SAN BENEDETTO: LA BANDA


La Banda di Benedetto


                                            
                              LA BANDA ‘D SAN BENDÈTT


 

Parecchi anni fa, in occasione dell’incontro mensile degli Exallievi dell’Oratorio, chiedemmo a Mario Strozzi, nato nel 1910, Exallievo ed ex suonatore della Banda del San Benedetto: "Cme vala, Stros?" (come va?)

"Don Bosco al me téna al mónd", rispose. Parlava volentieri della Banda perché vi ebbe molte soddisfazioni. Era “Prima tromba” e arrivò anche a suonare, come “Tromba egiziana” al teatro Regio, nell'Aida di Verdi. Mi raccontò ad esempio, di una volta in cui gli abitanti di borgo dei Minelli si lamentarono con don Dagnino perché erano trascurati.

“Da nójetor an vén mäi nisón”, (da noi non viene mai nessuno) dicevano. “Ci penso io”, rispose don Dagnino. Chiamò la Banda del San Benedetto che entrò nel borgo a fare una bella serie di suonate tra l'entusiasmo degli abitanti che offrirono vino. Quando la banda tornò a casa venne accompagnata per un bel pezzo da un corteo di persone in festa. Questo aneddoto, uno dei tanti che si potrebbero raccontare, testimonia, oltre all’attaccamento a don Bosco degli ex allievi, che la Banda del San Benedetto è stata una cosa importante per l’Oratorio e per la città. La Banda infatti era il punto forte di tutte le feste dell’Oratorio, del collegio e accompagnava tutte le gite. Quando la Banda andava a far musica in un paese, all’entrata del medesimo, il maestro faceva fare una sosta. Controllava che tutti fossero in ordine, scarpe pulite ecc. e poi avveniva l’entrata suonando e cantando canzoni del tipo: “Aprite le porte è rivè la banda ‘d San Bendètt”.
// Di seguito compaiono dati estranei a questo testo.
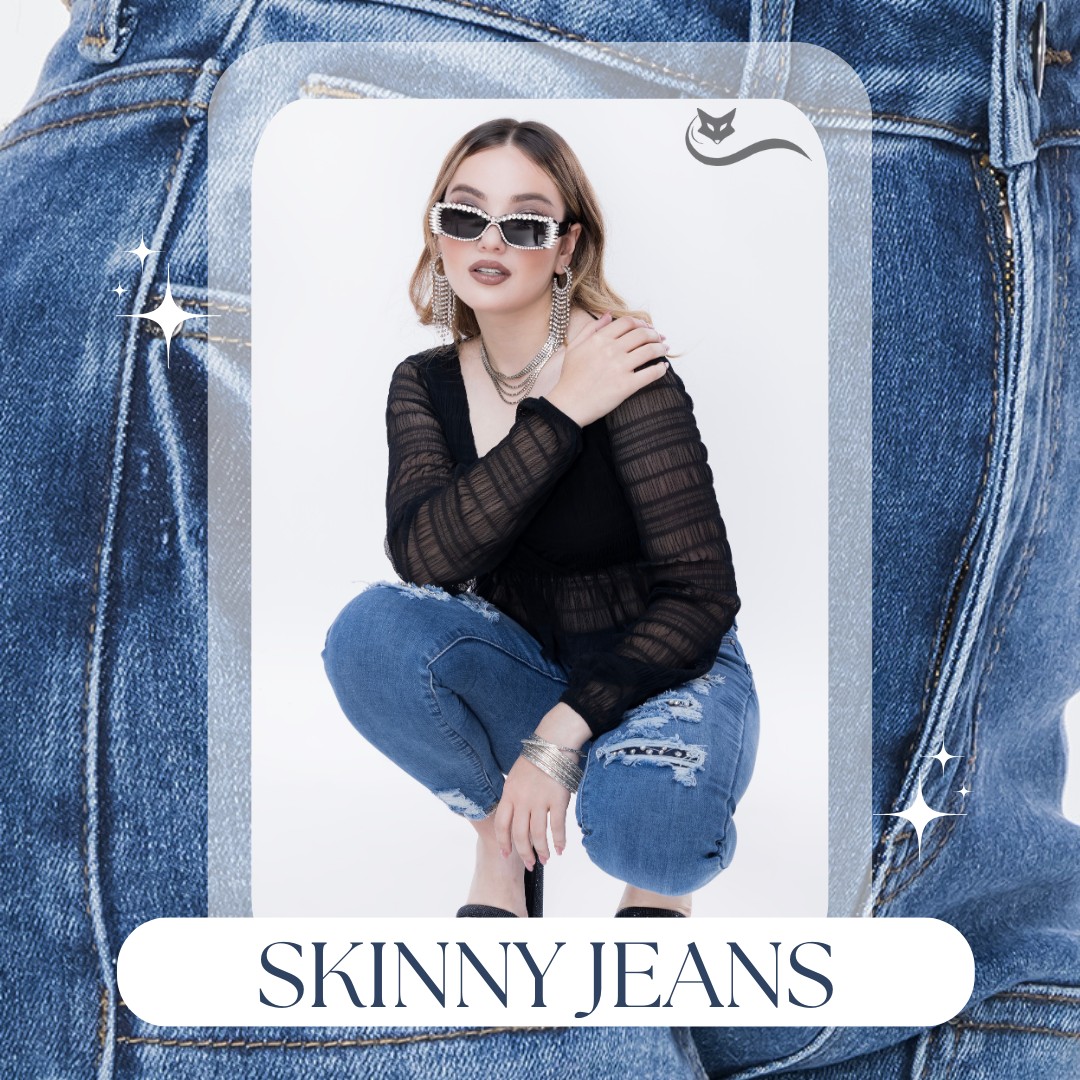 Foxxy - Nuestros skinny jeans son el básico perfecto que no puede ...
Don Bosco amava dire: “Una casa senza musica è una casa senz’anima”. I suoi salesiani, che da 120 anni sono a Parma, già nei primi anni del ‘900 diedero vita alla Banda che iniziò, seppure in sordina, con il coadiutore Pietro Enria al quale, nell’ambito della musica, successe don Carlo Maria Baratta che fu il primo vero maestro. A don Baratta successe il maestro Cav. Augusto Contini che dedicò la vita alla Banda insegnando la musica a decine e decine di giovani. Il maestro prendeva molto sul serio la sua missione e pretendeva serietà dai suoi allievi con vantaggi educativi e di profitto.

In effetti, nel ’52, alla morte del maestro, la maggior parte degli allievi entrò a rafforzare la Banda cittadina “G.Verdi” e per alcuni dei suoi allievi la musica diventò particolarmente importante nella vita adulta, come ad esempio per Franco Aleotti che diventò il noto cantante Franco Lotti e i Valeo padre e figlio che dettero vita all’orchestra Valeo, e altri ancora. Anche nel servizio militare alcuni allievi ebbero il vantaggio di suonare nelle bande (e così qualcuno ha schivato la campagna di Russia).  

Far parte della Banda, in qualche modo, dava una sensazione di elevazione sociale come testimonia il noto arbitro Alberto Michelotti, nel libro di Claudio Rinaldi “Dirige Michelotti da Parma”:

[…Entra nella banda del San Benedetto come tamburino. Quando ci sono le prove o le esibizioni durante le processioni, si pavoneggia per i suoi borghi, prima di passare il fiume e andare in via Saffi. Per la gioia cammina a due spanne da terra. ”Tutti mi guardavano, con questo splendido tamburo d’ottone, bello luccicante. E io passavo apposta in via Imbriani per farmi vedere”…]

Il Maestro era anche un po’ originale. Sconsigliava, per la verità poco ascoltato, i suoi ragazzi dal giocare al calcio che non stimava perché, diceva: “É una cosa che si fa con i piedi”.